*** Supplied information ***

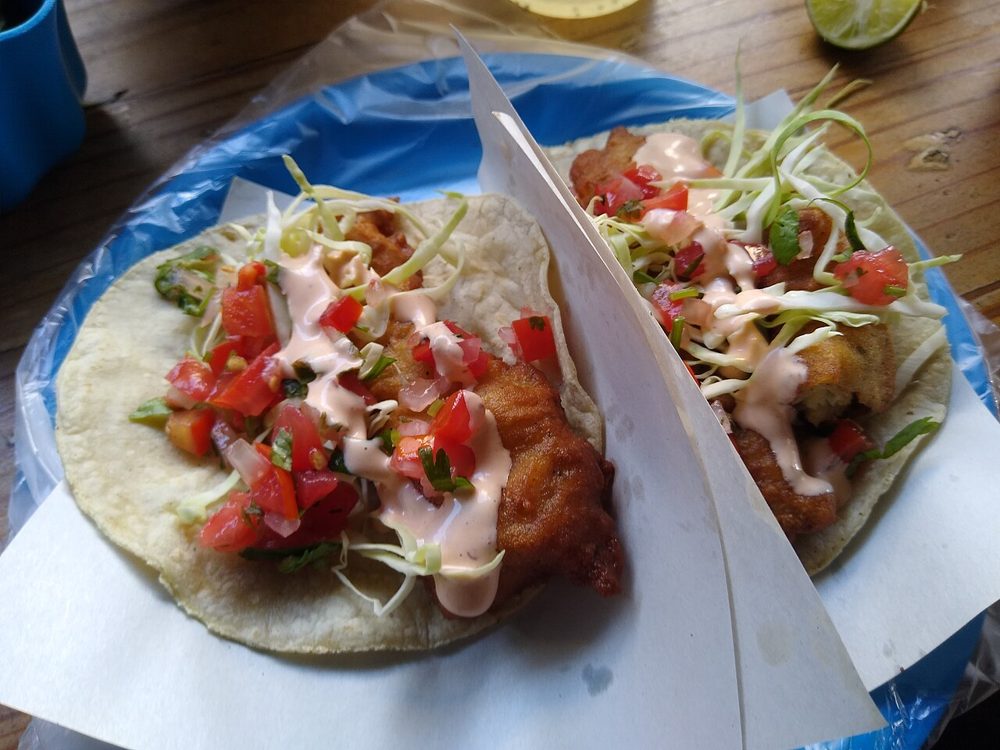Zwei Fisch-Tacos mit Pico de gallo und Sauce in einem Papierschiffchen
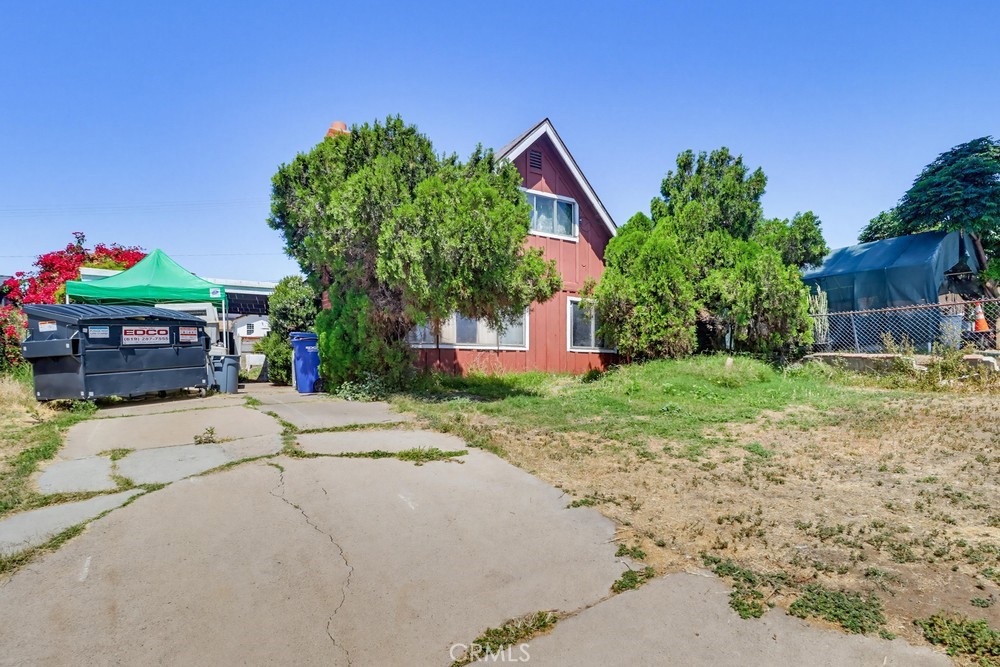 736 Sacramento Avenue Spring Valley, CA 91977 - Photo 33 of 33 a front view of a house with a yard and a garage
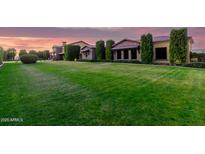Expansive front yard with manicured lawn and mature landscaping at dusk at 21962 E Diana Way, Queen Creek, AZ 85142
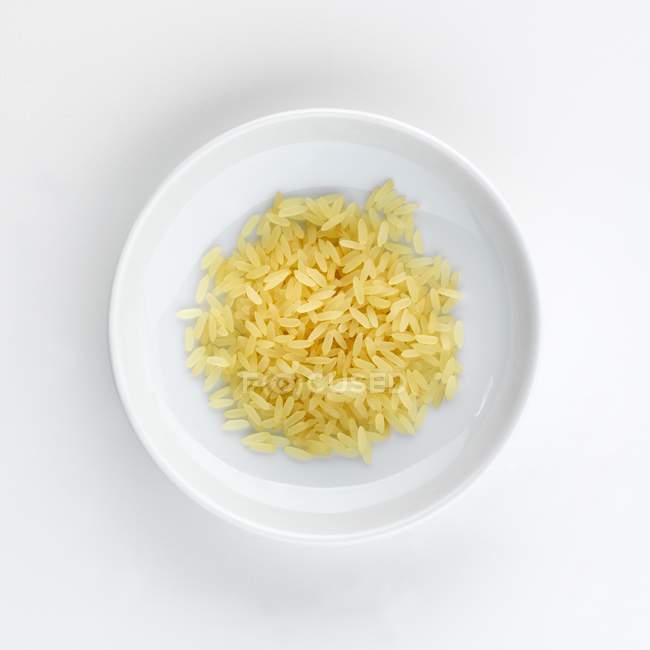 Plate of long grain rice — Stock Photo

*** End of Supplied information ***

Leaving out the pictures, restate each line of the listing above verbatim, from the opening line to the line bearing "736 Sacramento Avenue", inclusive, and no more.

* Problem solution:
Zwei Fisch-Tacos mit Pico de gallo und Sauce in einem Papierschiffchen
 736 Sacramento Avenue Spring Valley, CA 91977 - Photo 33 of 33 a front view of a house with a yard and a garage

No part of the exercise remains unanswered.